Thursday, April 21, 2011

Rewarding Failure

I'm not going to start complaining about Extra Credits topic today. They opened it with a disclaimer that the games they were discussing were "interesting", not necessarily "good". And I can vouch for that, I've played some of those games and two of them (that I played) were utter crap. But they seem to have ignored one aspect of gaming journalism and fandom these days; "unique" is a code word for "excellent". The long and short of it is that an excellent game can be criticized for not being new and different enough, while an awful game can be lauded for doing something different irregardless of actual results. Let's say I did something different, like hunting tigers. That would be wildly different for me (and I'm pretty sure incredibly illegal). So I go on a tiger hunt, but instead of bagging a tiger I accidentally shoot and kill one of my porters. Well, props for trying something different I guess.

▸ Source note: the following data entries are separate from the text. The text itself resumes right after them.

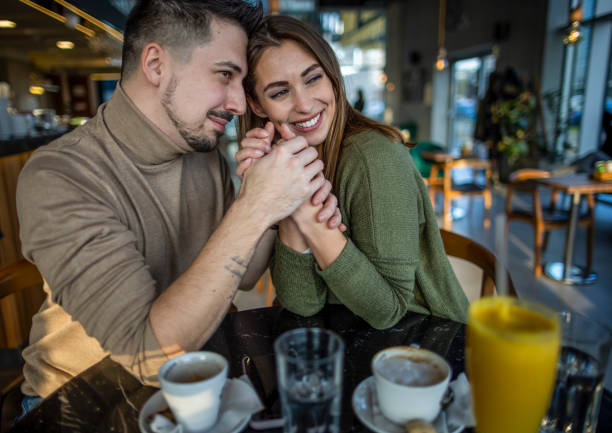 istock Happy young couple in cafe 1370337859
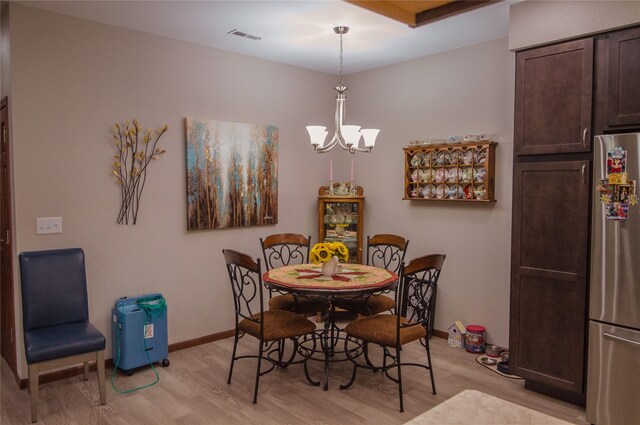 dining space featuring a notable chandelier and light hardwood / wood-style flooring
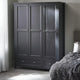 Dark gray wardrobe in a bedroom with a bed and curtains.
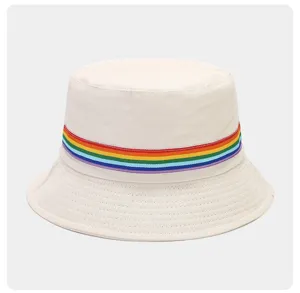 Close-up detail of white cotton bucket hat featuring colorful rainbow striped ribbon.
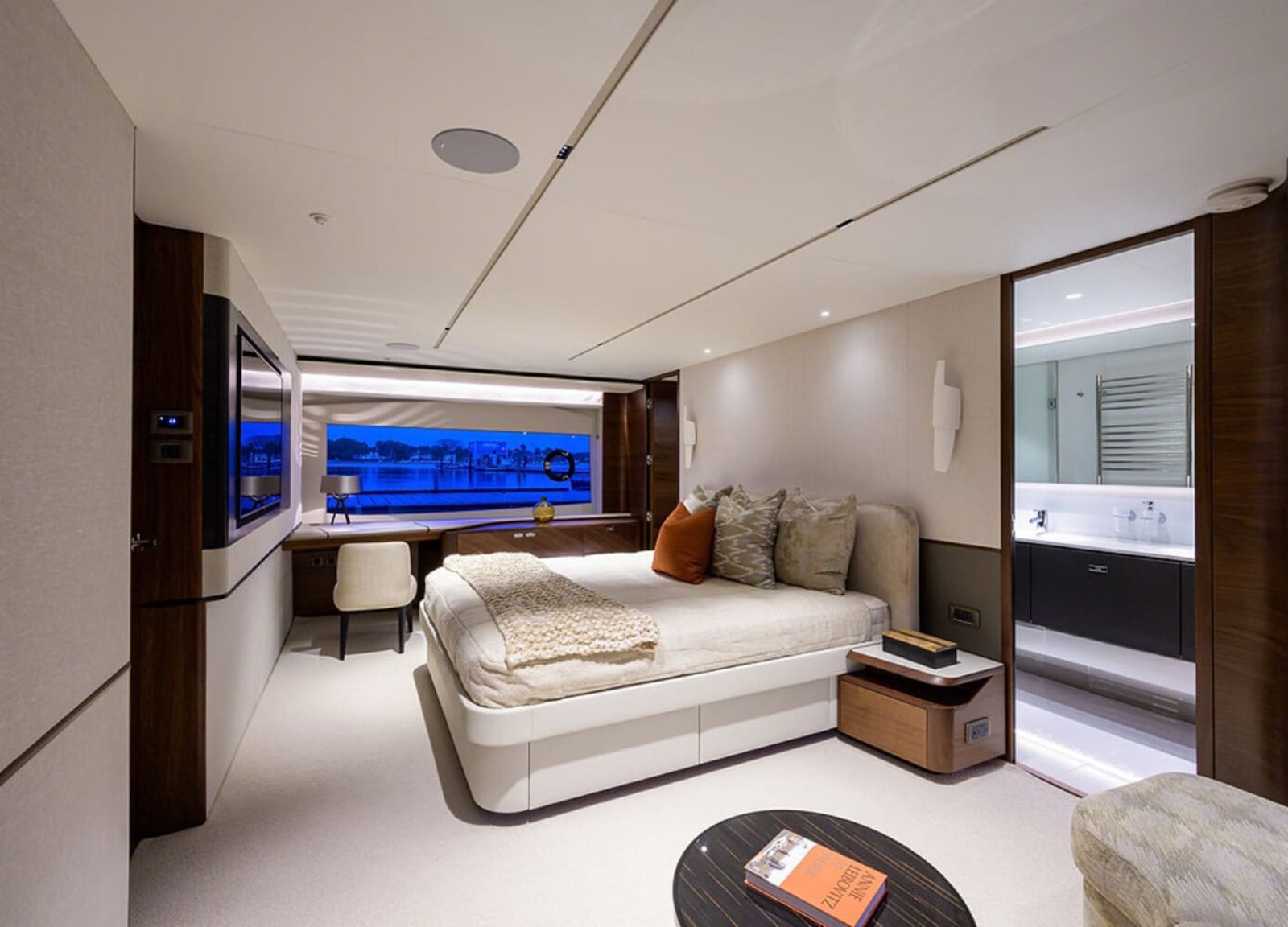 Elegant and comfortable bedroom on the 100' PRINCESS X95 yacht, offering a relaxing space at sea.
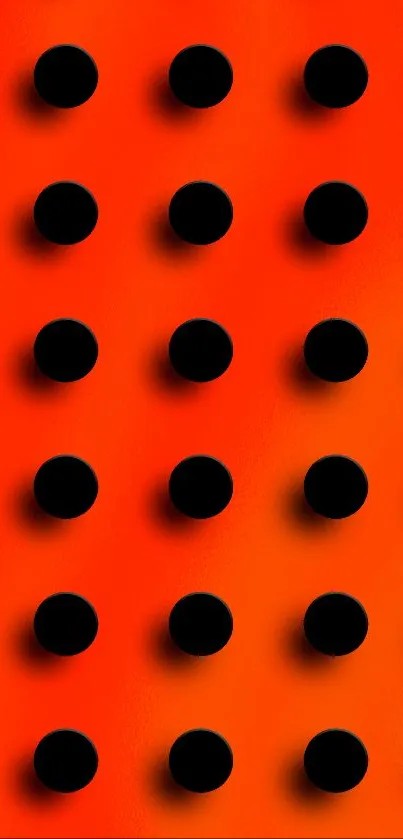 Vibrant orange wallpaper with black dots.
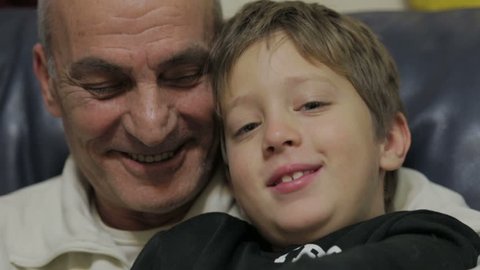 grandfather and grandson laughing and looking at the camera - old man and child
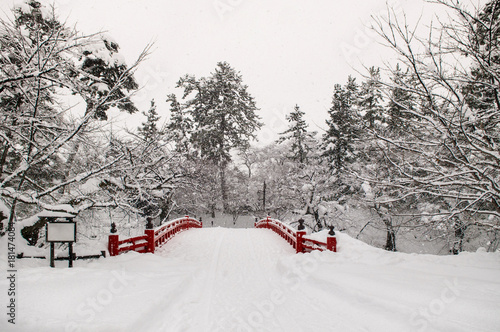 Old red wooden bridge of Hirosaki Castle in winter season, Aomori, Tohoku, Japan photo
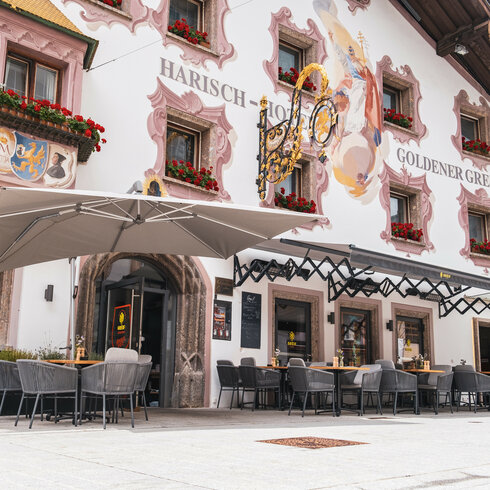 Das charmante Restaurant Goldener Greif in Kitzbühel zeigt eine malerische Fassade mit bunten Blumen und kunstvollen Wandmalereien.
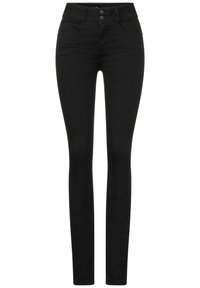 Jeans negros ajustados de mezclilla. Presentan una cintura alta, dos bolsillos frontales y un cierre de doble botón en la cintura. Textura suave.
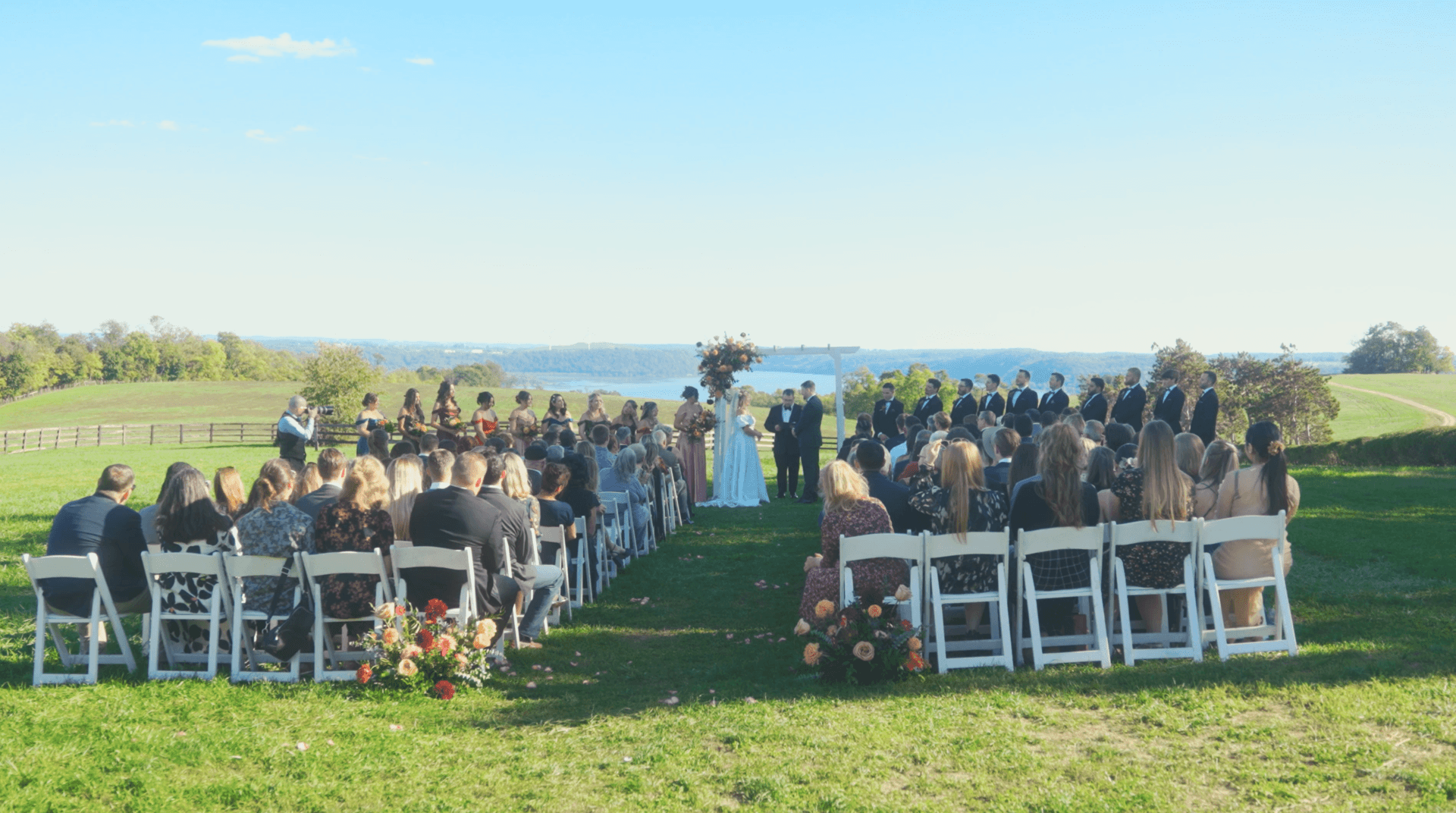 A couple standing at an outdoor wedding ceremony with guests seated in rows on a lawn overlooking a lake.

Frankly, I don't care how much effort and thought went into it, I'm not a fan of rewarding failure. Actually, if that much effort and thought went into a failure, that's even sadder. And if there wasn't much thought or effort put into it, then it's just a gimmick. And the gimmick failed. I don't want to reward that either. It may sound like this kind of thinking will stifle creativity, but think about it. You tried something new, you failed, try again and do better. As opposed to trying something new, you failed, but you tried something new. And that's just as complacent as Yet Another Call of Duty.